Kreiss-Tomkins holds a two-to-one fundraising edge

Rep. Jonathan Kreiss-Tomkins (D-Sitka). Photo by Casey Kelly/KTOO.
Rep. Jonathan Kreiss-Tomkins (D-Sitka). (Photo by Casey Kelly/KTOO)

Voters in central Southeast Alaska next week will be choosing from one of two relatively young candidates for a new district in the Alaska House. House district 35 encompasses Sitka and Petersburg and 22 other remote island communities in the panhandle. The Democratic incumbent has a 2-to-1 fund raising edge heading into the election.

According to the latest filings with the Alaska Public Offices Commission, 25-year-old Sitka Democrat Jonathan Kreiss-Tomkins has raised nearly $58,000 dollars in the campaign. That includes donations from several public employee and trade unions and the United Fishermen of Alaska.

Kreiss-Tomkins has spent over $43,000 of the money he’s raised on ferry transportation and other travel costs, advertising and mailers. He’s also paid two campaign managers and fielded a question on that issue during a recent Sitka Chamber of Commerce forum this month.

“I love to call them consultants and they help me stay on the right track,” Kreiss-Tomkins said. “We try to run a grassroots oriented campaign and that involves organizing volunteers, keeping me on track, writing letters, getting media, designing media, advertisements, mailers, all the trappings of a political campaign. This is not news. Nearly every campaign in Alaska, nearly every legislative campaign in Alaska, has a campaign manager. You pay your campaign manager. So in the last APOC reporting period, I paid my campaign managers fortunately, and that’s what was reported.”

Kreiss-Tomkins is finishing up his first term in the Alaska House representing Sitka and many of the communities, but not Petersburg. The district is changing due to redistricting.

His challenger is 37-year-old Petersburg Republican Steven Samuelson. At that same forum in Sitka he said his campaign relies on volunteers.

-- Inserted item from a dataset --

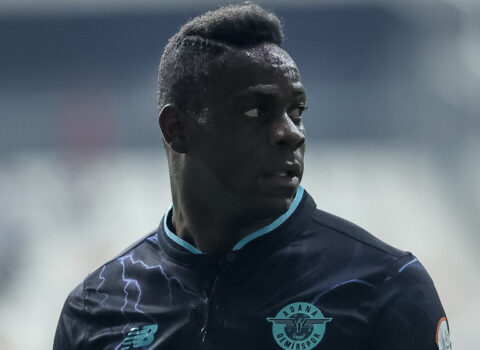 Mario Balotelli karyerasını Bolqarıstanda davam etdirəcək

“I have volunteers,” Samuelson said. “I have people who are working incredibly hard. They have jobs. They take a lot out of their personal time. Nobody’s on a payroll on this campaign and as far as me, we just keep plugging forward and movin’ along. So no, there’s no consultants and every dollar that we’re bringing in on this campaign is being spent as appropriately as possible,”

Samuelson reported campaign income of over $26,000 dollars, with contributions from several republican and business organizations. He’s spent over $18,000 dollars on travel, mailers and advertising.

Samuelson has run for state house twice before, losing both times in the primary to Peggy Wilson of Wrangell.